## DATASET CONTENT
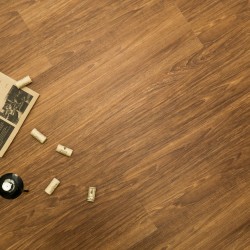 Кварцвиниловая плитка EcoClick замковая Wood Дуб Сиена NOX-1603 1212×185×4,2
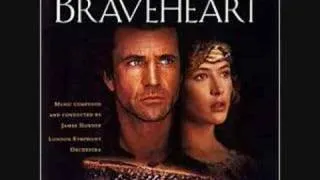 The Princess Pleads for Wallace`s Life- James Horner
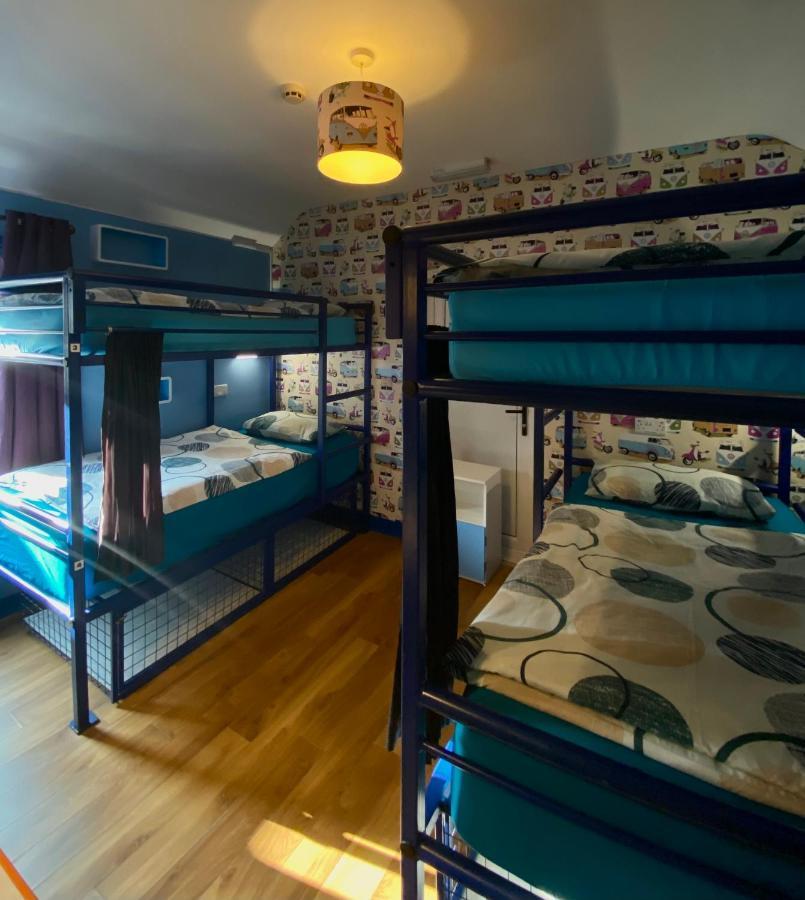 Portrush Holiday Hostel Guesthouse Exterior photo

--

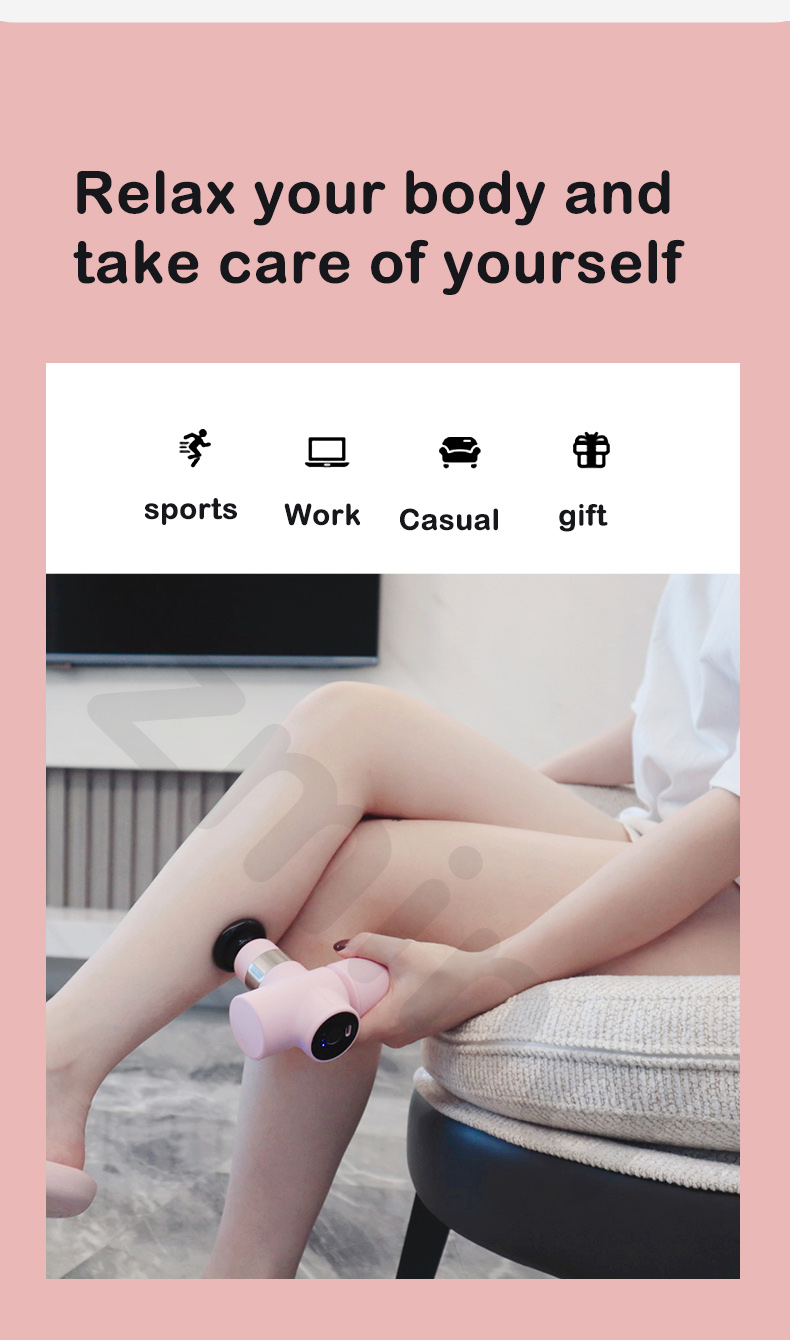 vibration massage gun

---

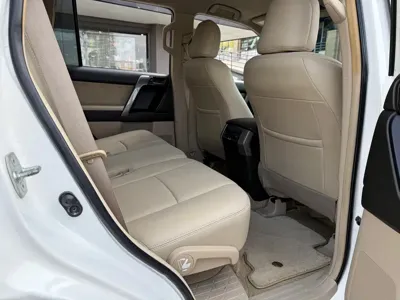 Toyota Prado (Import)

## REQUIRED WORK
Quote the data above exactly from the line with "Кварцвиниловая плитка EcoClick" to the line with "Portrush Holiday Hostel", both ends counted, and nothing else. Pictures don't go in.

## YOUR RESPONSE
 Кварцвиниловая плитка EcoClick замковая Wood Дуб Сиена NOX-1603 1212×185×4,2
 The Princess Pleads for Wallace`s Life- James Horner
 Portrush Holiday Hostel Guesthouse Exterior photo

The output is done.